+++ Material shown

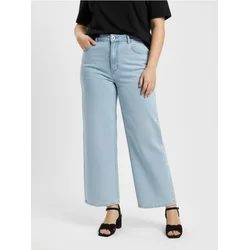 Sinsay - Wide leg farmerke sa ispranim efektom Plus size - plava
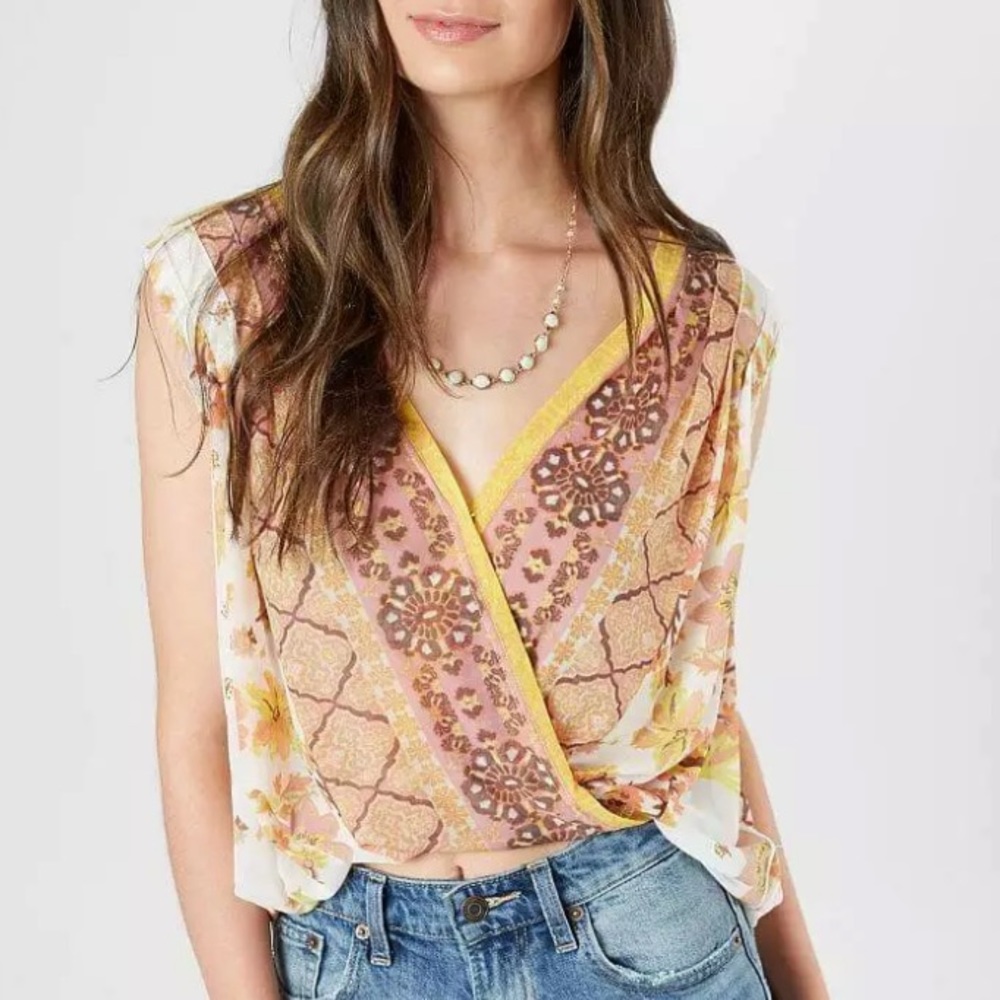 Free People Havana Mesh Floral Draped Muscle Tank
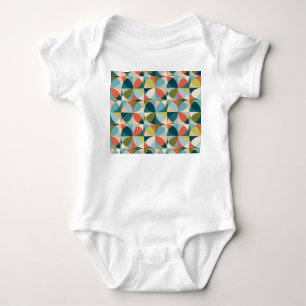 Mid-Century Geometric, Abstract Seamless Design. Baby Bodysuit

++++++
+++ Material shown

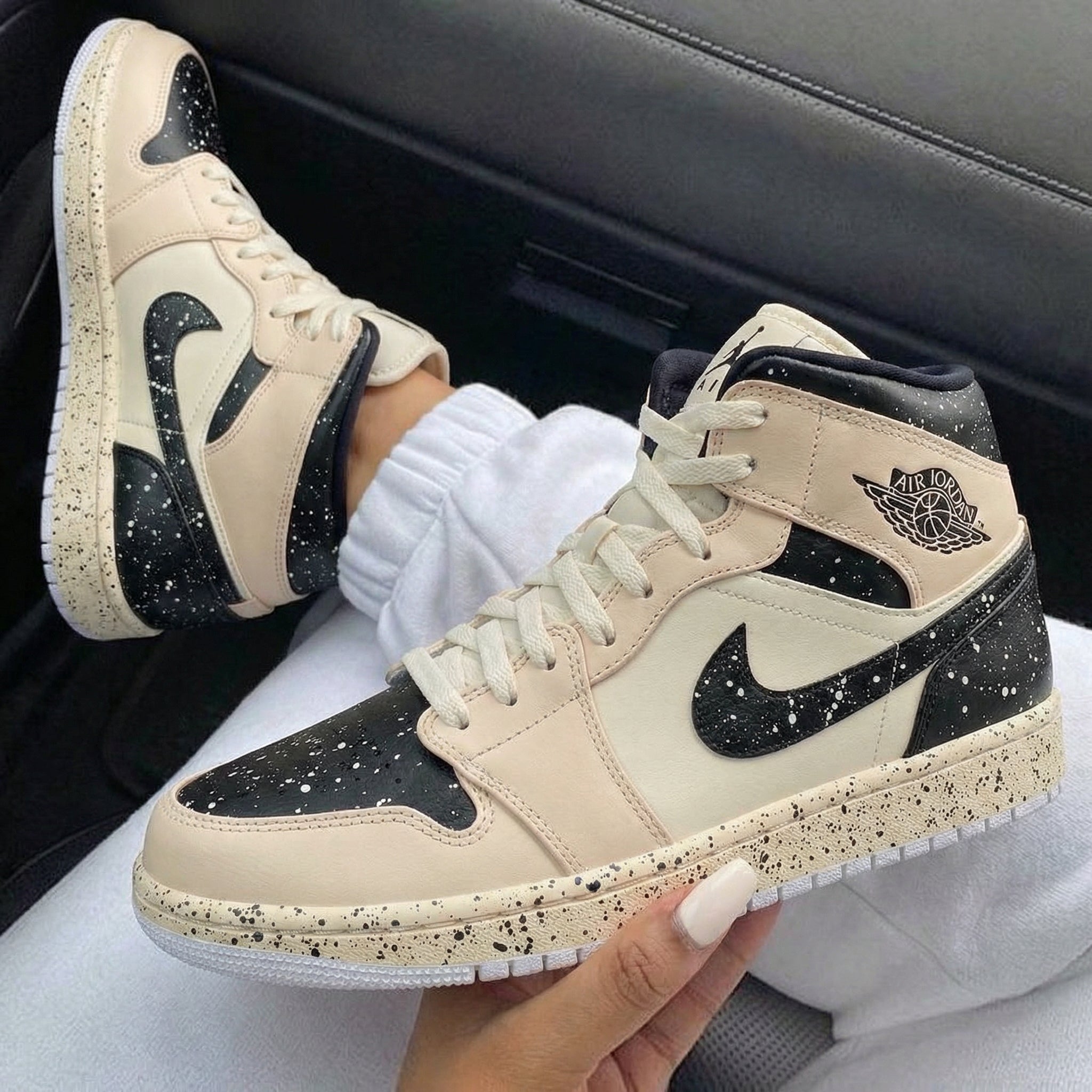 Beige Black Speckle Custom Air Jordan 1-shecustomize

++++++

Copy the lines above exactly, starting at the one with "Sinsay - Wide" and ending at the one with "Mid-Century Geometric, Abstract", both included. Leave out any pictures and add nothing else.

◆ **Expected answer**:
 Sinsay - Wide leg farmerke sa ispranim efektom Plus size - plava
 Free People Havana Mesh Floral Draped Muscle Tank
 Mid-Century Geometric, Abstract Seamless Design. Baby Bodysuit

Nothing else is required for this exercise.